Le destin de cet homme d’affaires est atypique. Il avait traîné la République Démocratique du Congo (RDC)  devant la Cour Internationale de Justice pour 36 milliards de dollars américains. Il avait passé 17 ans  dans ce qu’on appelait Zaïre à l’époque et avait fait fortune avant d’être expulsé.

Rare sont les habitués du Boulevard de la République qui n’ont pas, une fois au moins, croisé cet homme toujours en veste et la cravate bien serrée. Diallo Cravate était devenu l’homme de cette partie de la capitale et qui était objet de tous les commentaires après son passage. Il avait quitté la Guinée très tôt sous le règne de feu Sékou Touré pour aller se réfugier au Zaïre. Il va se lancer dans les petites affaires et se fera un excellent carnet d’adresse et finira par créer la société « Afrique Conteneurs » pour transporter les mines alors sous blocus de l’UNITA par conteneurs.
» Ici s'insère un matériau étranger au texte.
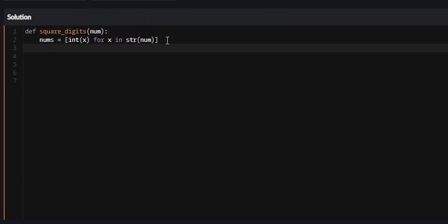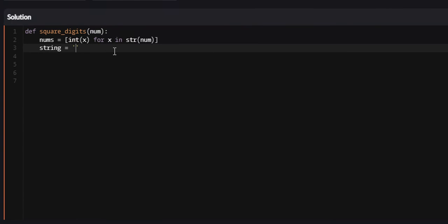If that's confusing, I'm sorry, just look through it, I promise it will make sense. Now what we need to do is we're going to create a variable called string and set it equal to an empty string, and this is going to be the string that we start appending or concatenating our squared integer into.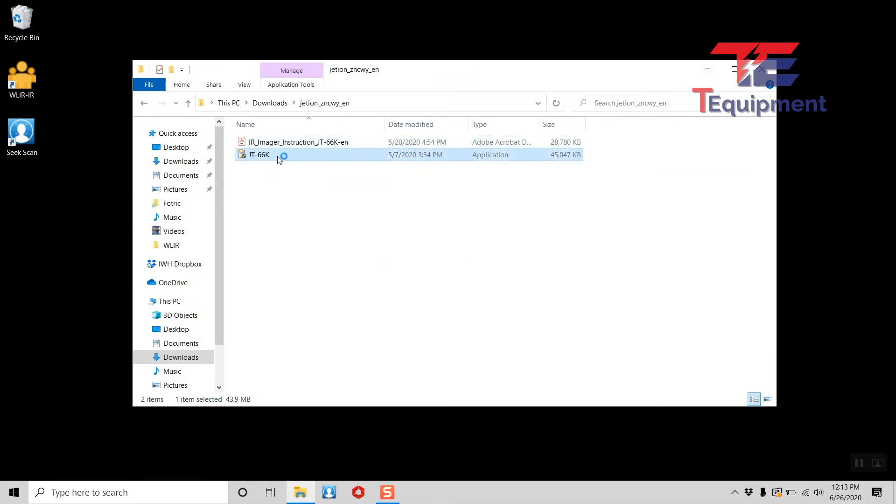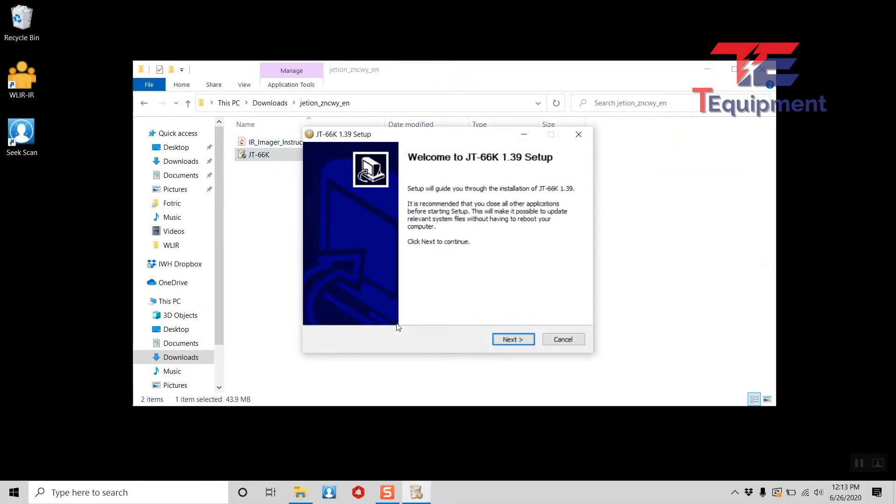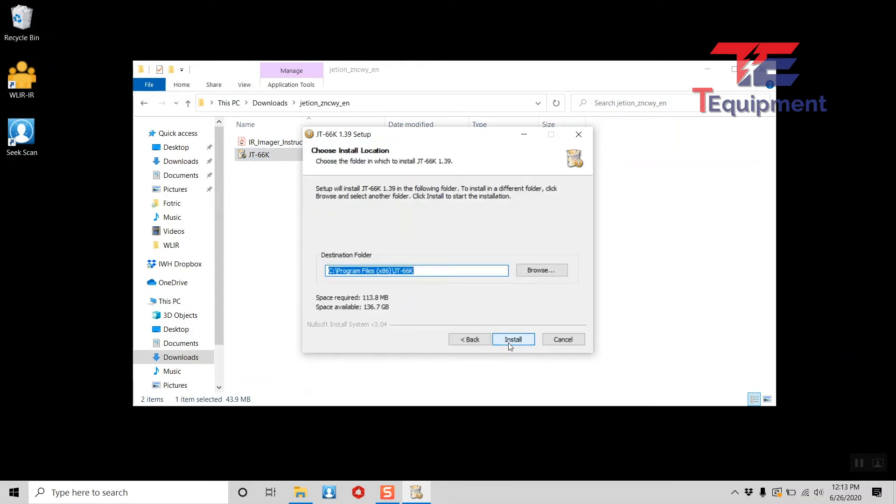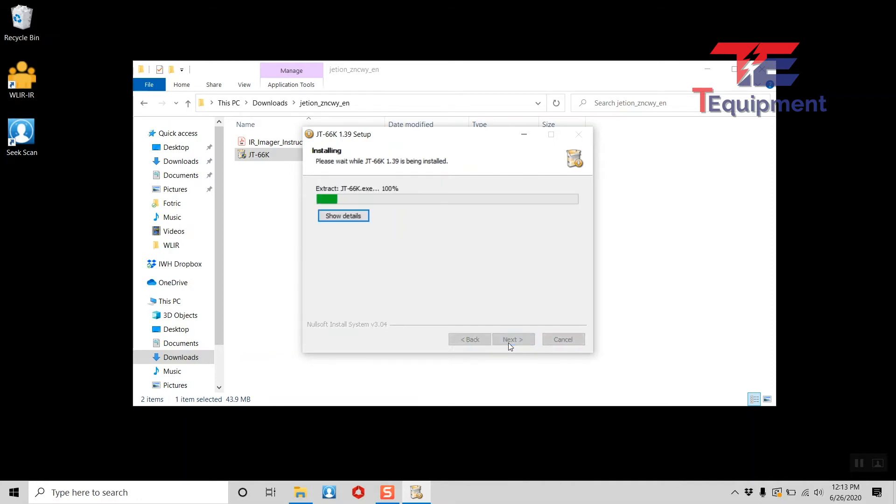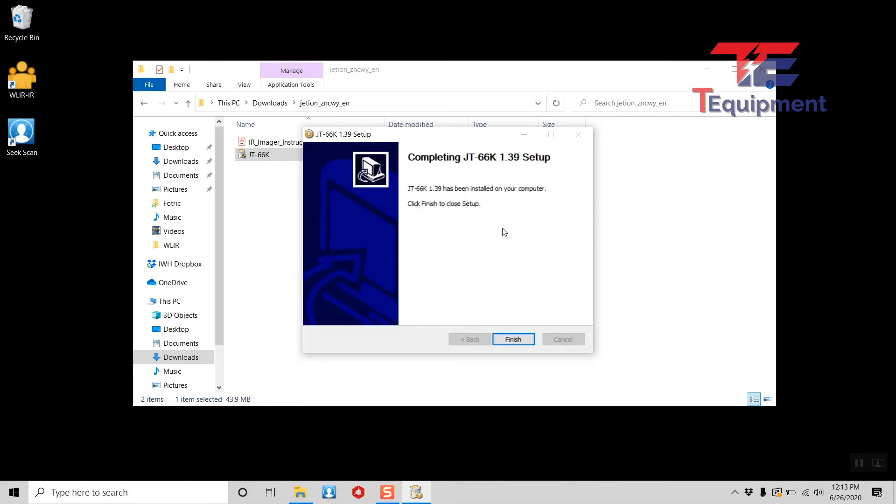Let's go ahead and install the software. The installation process for this is actually one of the simplest ones that I have looked at recently, apart from the other units here, the Seek Scan in particular. Jetion has done a nice job putting everything in here. Everything is digitally signed. There are no additional things you have to do or steps that are easy to miss. This one's all in one place.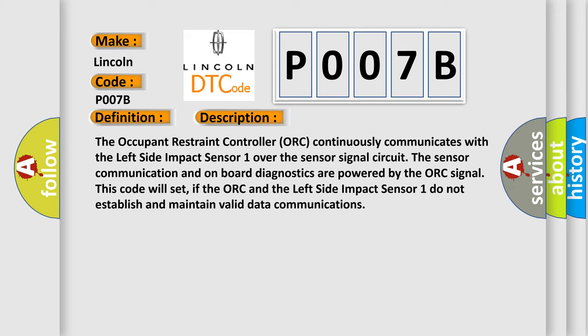This code will set if the ORC and the Left Side Impact Sensor 1 do not establish and maintain valid data communications.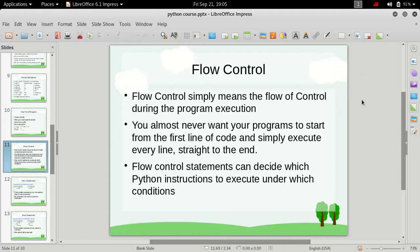Hi friends, welcome to the Python for Beginners course. My name is Admiral Gost and in this video we will look at flow control.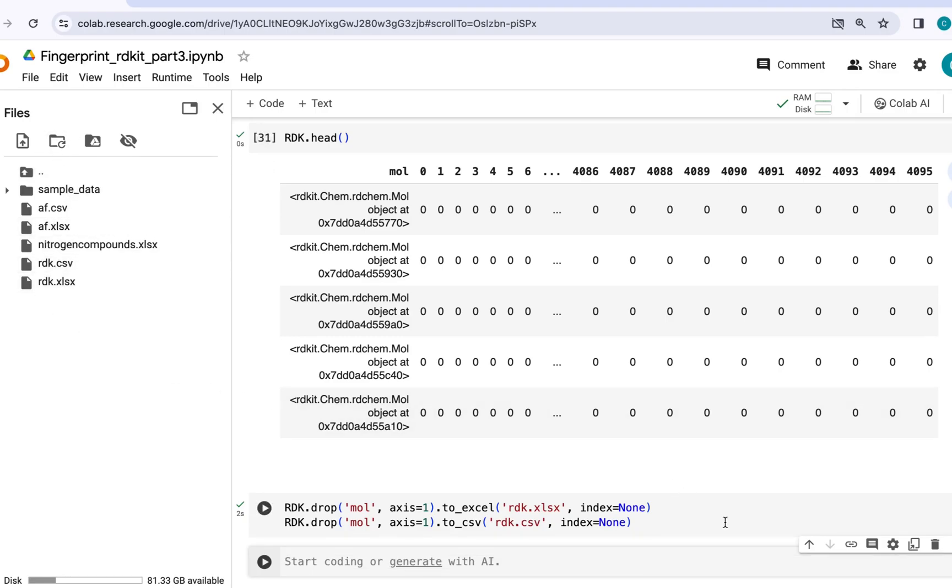That's it for now. In the next video I will be talking about atom pair fingerprint and topological torsion fingerprint. The code for this video has been provided in the description below. Thank you for watching.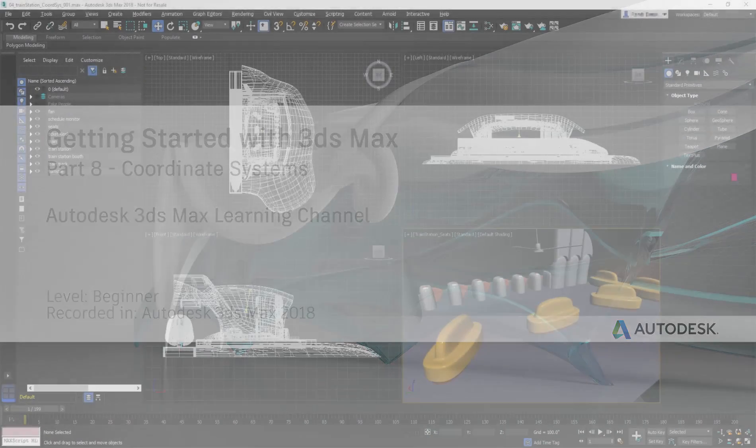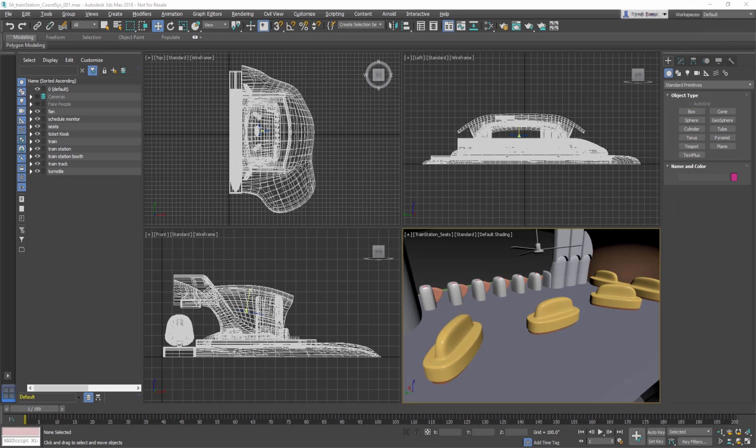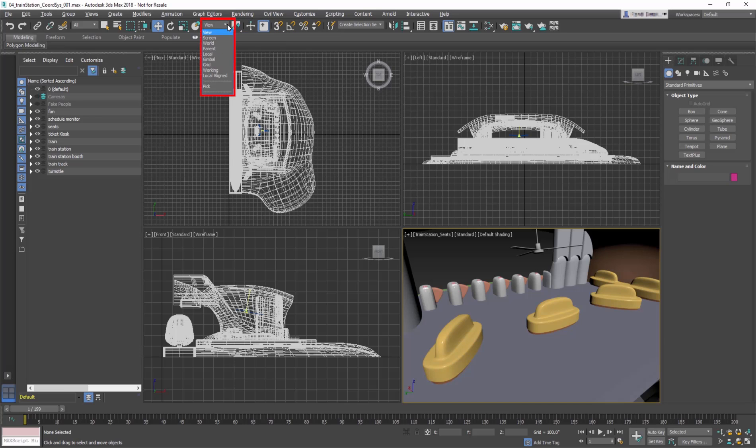When you move, rotate, or scale an object, that operation needs to happen relative to some frame of reference. The Reference Coordinate System list lets you specify the coordinate system used for transformation.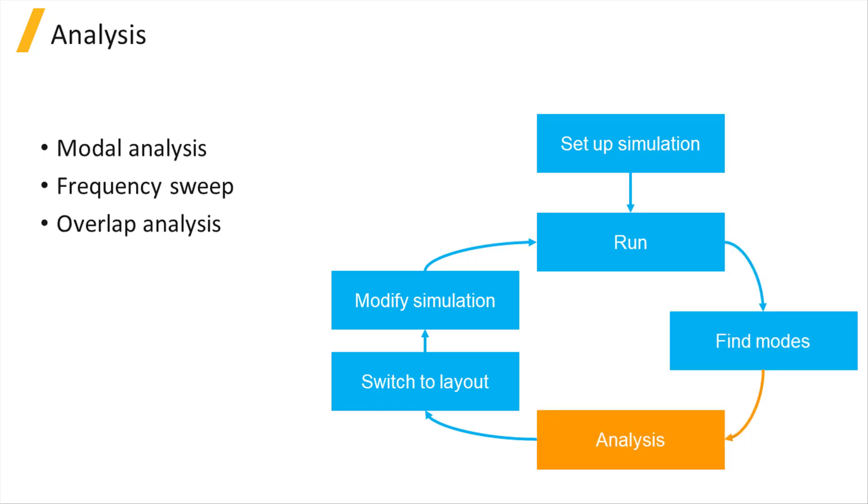Additional analysis options are available: modal analysis, frequency analysis, and overlap analysis. The frequency and overlap analysis will be covered in detail in the Analyzing Simulation Results section.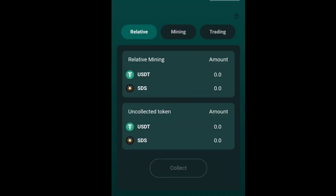Pools: the Pools function allows you to track your Relation or Referral bonus, your Mining bonus, and your Performance, which reflects your added liquidity performance.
Il devient ainsi l’un des hommes les plus riches du Zaïre et du continent africain. Il collabore avec les grandes sociétés de distribution de pétrole  comme Mobil, Shell, Total et Fina qui collaboraient avec les autorités zaïroises. Mais ses relations avec ces sociétés pétrolières vont s’effriter à cause des dettes que ces dernières ont contractées auprès de Diallo Cravate. Il finira par porter plainte devant les tribunaux qui lui donneront raison, notamment en autorisant la saisie des biens des pétroliers.

Le conflit entre Amadou Sadio et les grands magnats des hydrocarbures  va occasionnera une pénurie de carburant dans le pays. Nous sommes en 1995 avec un certain Kengo Wandondo Premier Ministre, Chef du Gouvernement. Il ne tardera pas à ordonner l’arrestation, l’emprisonnement pendant deux mois puis l’expulsion du milliardaire guinéen avec la complicité des pétroliers.  Heureusement qu’il avait pris le soin de prendre tous ces dossiers.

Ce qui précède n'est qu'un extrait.